I think wasting money IMO! Here's what we do.. stop by your local seafood market and pick a 1 or 2 lbs of fresh dead shrimp its a little cheaper that way.I have found this to be the most productive bait along with sandfleas.


----------



## stevesmi (Mar 15, 2012)

problem is i always catch a bunch of whiting and smaller fish on the cut shrimp. i'm looking to catch some decent sized fish for a change.


----------



## johnf (Jan 20, 2012)

Snatch it said:


> I think wasting money IMO! Here's what we do.. stop by your local seafood market and pick a 1 or 2 lbs of fresh dead shrimp its a little cheaper that way.I have found this to be the most productive bait along with sandfleas.


Is that cheaper than going to a bait shop?


----------



## OSAGEBOW (Mar 1, 2012)

we have not caught much at all on the live shrimp in the surf. we have been fishing every weekend now (fri, sat, and sun) for about 4 months. we use sandfleas and either dead shrimp from bait store or shrimp from fish market. the sandfleas have produced the most.


----------



## stevesmi (Mar 15, 2012)

live or frozen sand fleas?


----------



## OSAGEBOW (Mar 1, 2012)

they are better alive but we have used both and had success


----------



## TheLooney1 (Jul 2, 2009)

Sand fleas!!


----------



## Snatch it (Feb 17, 2009)

johnf said:


> Is that cheaper than going to a bait shop?


 I thinks so plus they are pretty fresh not frozen.

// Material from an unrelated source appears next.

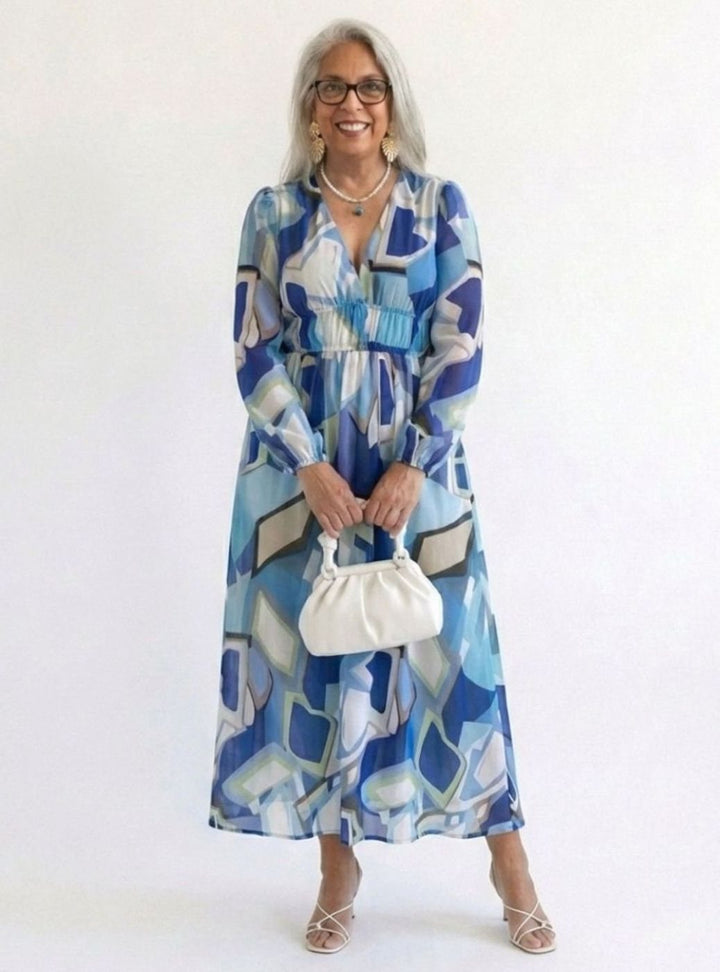 Women's Floral Long Sleeve Chiffon Tiered Maxi Dress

So they stay on the hook better! Also what u don't use u can fry up at the house! Lol


----------



## Snatch it (Feb 17, 2009)

Snatch it said:


> I thinks so plus they are pretty fresh not frozen. So they stay on the hook better! Also what u don't use u can fry up at the house! Lol


 also get the 30 to 40 count!!!!


----------



## PompChaser315 (Feb 18, 2011)

Snatch it said:


> I think wasting money IMO! Here's what we do.. stop by your local seafood market and pick a 1 or 2 lbs of fresh dead shrimp its a little cheaper that way.I have found this to be the most productive bait along with sandfleas.


I'm with stupid :thumbup:


----------



## stevesmi (Mar 15, 2012)

like i said guys all i have been catching on the surf with dead shrimp is small fish.. whiting, pinfish.. fish barely big enough to even bother keeping.. if i can catch a few pomps, maybe 1 red or bluefish i would be very happy.. but coming home with 20 whiting and 10 pinfish is getting old


----------



## OSAGEBOW (Mar 1, 2012)

have you been changing locations??? we have found some spots better for pompano and others better for whiting etc...... we have fished from perdido key to navarre pier.


----------



## stevesmi (Mar 15, 2012)

yes, but you are saying that pompano will hit cut shrimp? in my experience the only way they do is by accident when I am reeling it in and the ones that i get bites on are small.


----------



## OSAGEBOW (Mar 1, 2012)

yes pompano like any peeled shrimp whether its cut or whole. however, they prefer live sandfleas. we have better luck with the medium size ones, not the great big large ones.


----------



## OSAGEBOW (Mar 1, 2012)

we also use a pompano rig made by mustad that you can buy at walmart. they have the yellow corks next to the hooks.


----------



## stevesmi (Mar 15, 2012)

I'm gonna try live sand fleas if i can get them on 1 hook and shrimp on the other this weekend.. lets see what happens.. gonna fish the fort pickens area and find a spot in the morning that isn't crowded with surfers.. sunday morning the surf won't be rough like its been lately


----------



## johnf (Jan 20, 2012)

Snatch it said:


> I thinks so plus they are pretty fresh not frozen. So they stay on the hook better! Also what u don't use u can fry up at the house! Lol


 
Any recomendations on a market? I wouldn't mind having a couple pounds of big one I could grill too.


----------



## OSAGEBOW (Mar 1, 2012)

the beach just before you go into ft. pickens gate is a good place. go over the walkway and take a left. go about 100 yards. we have caught some nice pompano there. also, all the way at the end of ft pickens. take a left at the dead end in front of the pier. go around the curve at the rock jetties. the first parking lot on the right then walk over the sea wall to the beach. excellent pompano fishing there. hope this helps.


----------



## jasonh1903 (Aug 6, 2010)

stevesmi said:


> problem is i always catch a bunch of whiting and smaller fish on the cut shrimp. i'm looking to catch some decent sized fish for a change.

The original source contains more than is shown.